Mary thought for a moment. "No," she said, shaking her head.
"What does it look like?" She came over to the paper. Webb had partly crumpled it in his anger and they had to smooth it out on the table.
"C'n she read?" Webb demanded of Monday while Mary looked at the column.
"Hell, yes," Monday said with pride. "I bet she c'n read better'n you."
"Never heard of a squaw could read," Webb muttered. "Goes against nature."
Mary said, "I think maybe 'ova' means 'frying pan.' See, is where they take the fry out of. "
"That's it, Mary got it!" Monday said. "See, right there. 'Fry from out the ova.' That's it."
Webb puzzled at it for a moment. "Fry means baby fish, don't you even know that?"
"Hell, yes. Ain't you ever had baby fish fried? An' see there, it says about 'nature's offices'. That means when you're hungry, don't it?"
Webb muttered something unintelligible, tracing the lines with his finger again, trying out the meaning. Then he stood straight and looked Monday square in the eye. "Then the son of a bitch don' make any sense."
Monday shrugged. "That's account it's literary, " he said affably. "Like I said. Listen, hoss, you don't want t' worry too much about this literary stuff or you go crazy."

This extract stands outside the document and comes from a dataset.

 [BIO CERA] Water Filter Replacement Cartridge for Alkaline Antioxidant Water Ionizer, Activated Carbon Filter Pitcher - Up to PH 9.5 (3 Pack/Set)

"The bastards," Webb growled, staring down at the paper. "The dirty, lousy, rotten-men." Deliberately he crumpled the sheet into a tiny ball in his fist, his teeth clenched in anger. Slowly he bent to put the wadded ball on the floor, his movement tense, almost shaking with rage. Methodically he began to stamp on the paper, mashing it flat with his moccasins and cursing in a steady stream.
"That ain't what God made words for!" he snarled.

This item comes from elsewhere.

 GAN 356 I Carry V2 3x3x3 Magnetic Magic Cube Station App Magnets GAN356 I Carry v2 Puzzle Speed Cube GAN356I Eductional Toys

Monday started to laugh, and the sound only made Webb more furious. He looked up at Monday, and for a moment Monday thought he was going to be attacked. He held his hands helplessly in front of him, weak with laughter, while the old man raged incomprehensibly.
Finally Webb stalked to the door, snatching his rifle from beside the fire. He slammed the door back, and with one last implacable curse stormed out into the night, to make his camp under the open sky. Monday sat helpless at the table, unable to speak. Mary went back to the counter, but she too was smiling. It had been a long time since the cabin had been full
of cursing and laughter.
After a few moments the door exploded inward, slamming loudly back against the wall. Webb came in again, staring challengingly at Monday. He went over and picked up the mutilated newspaper and shoved it defiantly in the flap of his hunting shirt. He stood for a second, arms belligerently akimbo, waiting for Monday to say something. Seeing that the big man lacked the courage, Webb spat in the fire and went out again. Monday put his head down in his hands and began to shake again.
From the counter Mary said, "I think maybe he eat it, now." Her hands deftly rolled the packages and put them to one side.
"No." Monday gasped, wiping his eyes. "If I know the coon, he just can't stand to quit without finding out how it came out. How he is."
Mary smiled. "He is not like the others, that one."
"He's still the same as ever, god damn him. Just like he used to be."
"He is Absaroka?" Mary asked.
"No, he's white—he's livin' with the Crows, is all."
Mary shrugged. "Was that I meant. It makes no difference to the Absaroka. He lives there, he is Absaroka. Same as when you were Shoshone."
"I expect," Monday said, never having thought about it.
"He is very much mountain," Mary said. "He is free, not like white men."
"White men are free too, Mary," Monday said, frowning. "It's just a different kind of life, is all."
"May be that way, " Mary said quietly. "You know, that one, he is the Wild Man Thurston talk about."
Monday laughed. "Wagh! He is, now. Won't Thurston be surprised when he finds out it's just an old friend."
Mary finished the last of the meat and stooped down to open the trapdoor to the cooler. "No, I think he not be surprised. But he will be angry."
"Angry? Why the hell angry? Webb ain't going to hurt anybody."
Mary stacked the packages carefully and methodically, moving slowly because of her bulk. "I think maybe he hurt you."
"Webb?" Monday laughed. "Hell, he's just playin'. It's like old times, Mary."
"No, is because the old man is—Absaroka. It hurt you to have a friend like that here. Thurston, he does not like mountain people around here. You know."